A business owner is only entitled to compensation for loss of business goodwill if he proves all of the following:

  1. The loss is caused by the taking of the property or injury to the property on which the business is located;
  2. The loss cannot reasonably be prevented by a relocation of the business or by taking steps and procedures which a reasonably prudent person would take in preserving the goodwill; and
  3. Compensation for the loss will not be included or duplicated in any other payments made to the business owner.

Thus, a business owner generally must take reasonable steps to try to relocate the business if the relocation would result in retention of all or some of the business’ goodwill value. However, it should be noted that even if a business is relocated, it can still suffer a loss of goodwill. Relocation can result in loss of patronage, loss of income, or higher expenses. California courts have held, for example, that if a business experiences higher expenses at a relocation site, the business may be entitled to a loss of goodwill based on the resulting decline in net income, even if the business loses no patronage at all as a result of the taking.
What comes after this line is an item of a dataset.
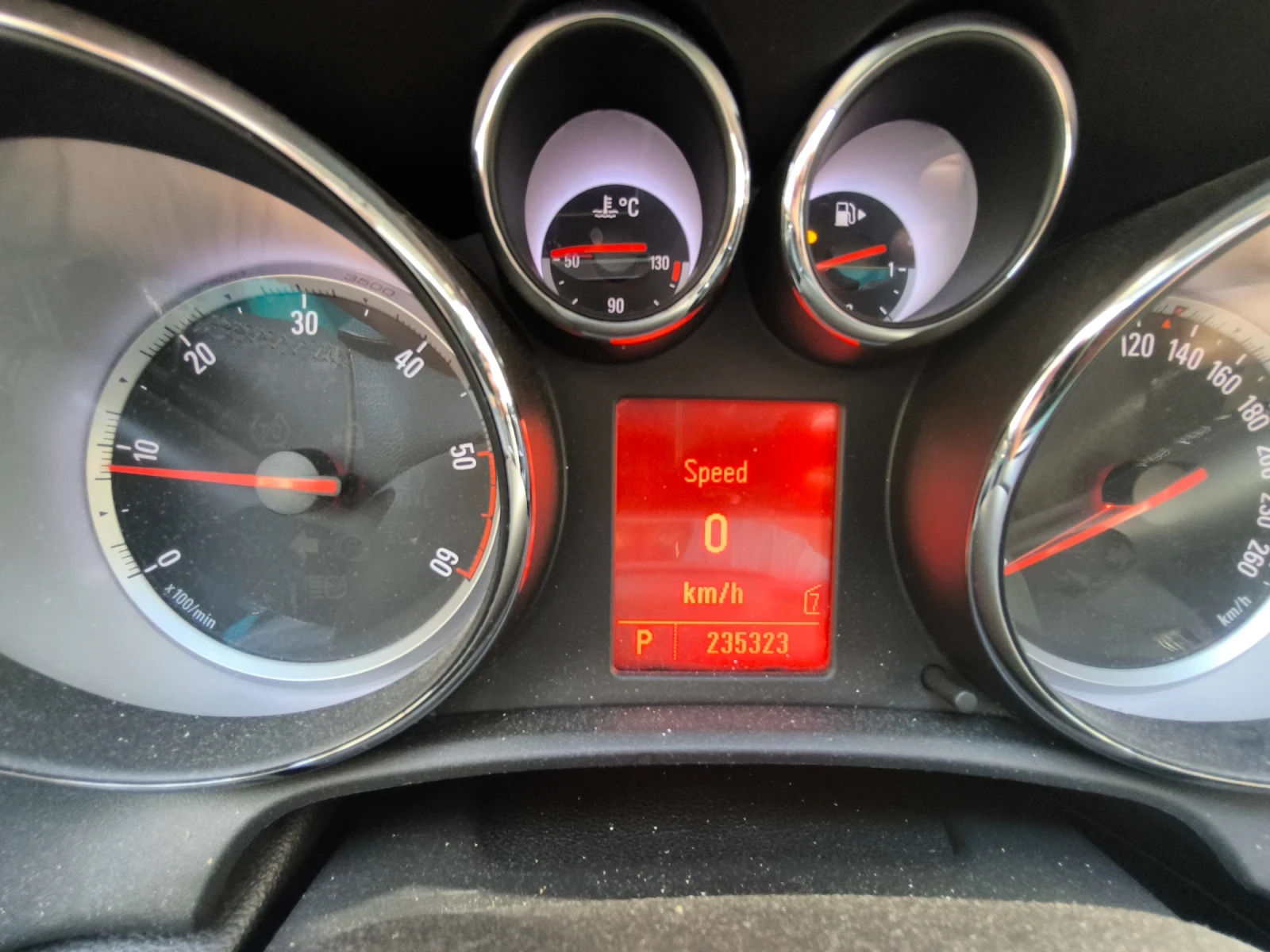Opel Astra Комби - изображение 6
One thing which must be kept in mind in order to protect your rights to recover business losses is that you should avoid providing information about your business income to the condemning agency until after you have consulted with experienced eminent domain counsel. Anything you say can – and will – be used against you by the agency.
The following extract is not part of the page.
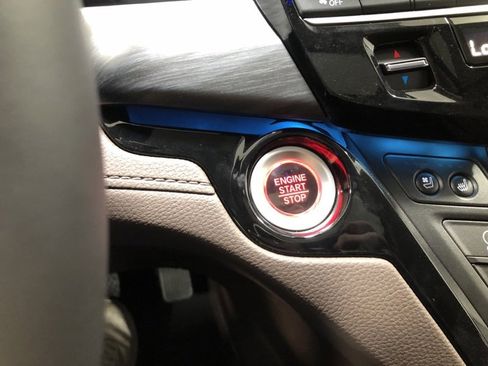 Used 2026 Honda Odyssey Elite image 31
Am I entitled to interest?
The government must generally pay interest on the amount of any award of just compensation from the earlier of the date it takes possession of the property, or from the date of judgment. The amount of interest is variable, and changes every six months. The amount applicable to any six month period is determined by a procedure set forth in the Eminent Domain Law.

How much will this cost, and am I entitled to recover my expenses from the government?
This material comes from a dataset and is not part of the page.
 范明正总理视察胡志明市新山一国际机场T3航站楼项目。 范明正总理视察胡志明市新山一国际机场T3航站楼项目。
Most eminent domain cases are handled on a contingency fee basis, though some clients opt for an hourly fee arrangement.

Usually, the contingency is based on the amount over and above the government’s initial offer which the attorney is able to obtain for you. You therefore bear no risk of exposure to paying attorneys’ fees unless the attorney obtains greater compensation for you. If the attorney does not obtain greater compensation than the amount of the government’s initial offer, you will not be responsible for attorneys’ fees. If the attorney does obtain greater compensation than the amount of the government’s offer, then the attorney is entitled to a percentage of that excess. You will, however, generally be responsible in any event for out of pocket costs and fees paid to third party appraisers.

Normal court costs, such as filing fees paid to the court, deposition fees paid to court reporters and certain witness costs are generally reimbursed to the property owner at the conclusion of the case. In addition, in some cases, all or a portion of the attorneys’ fees and appraisal fees may be recoverable from the condemning agency at the conclusion of the case. If, for example, the property owner 20 days before trial makes a reasonable settlement demand, and the condemning agency makes an unreasonable offer, then the property owner may be entitled to recover all or part of his attorneys’ and appraisers’ fees, whether the fee is based on a contingency or hourly basis. Each case, of course, differs and must be evaluated on its own merits.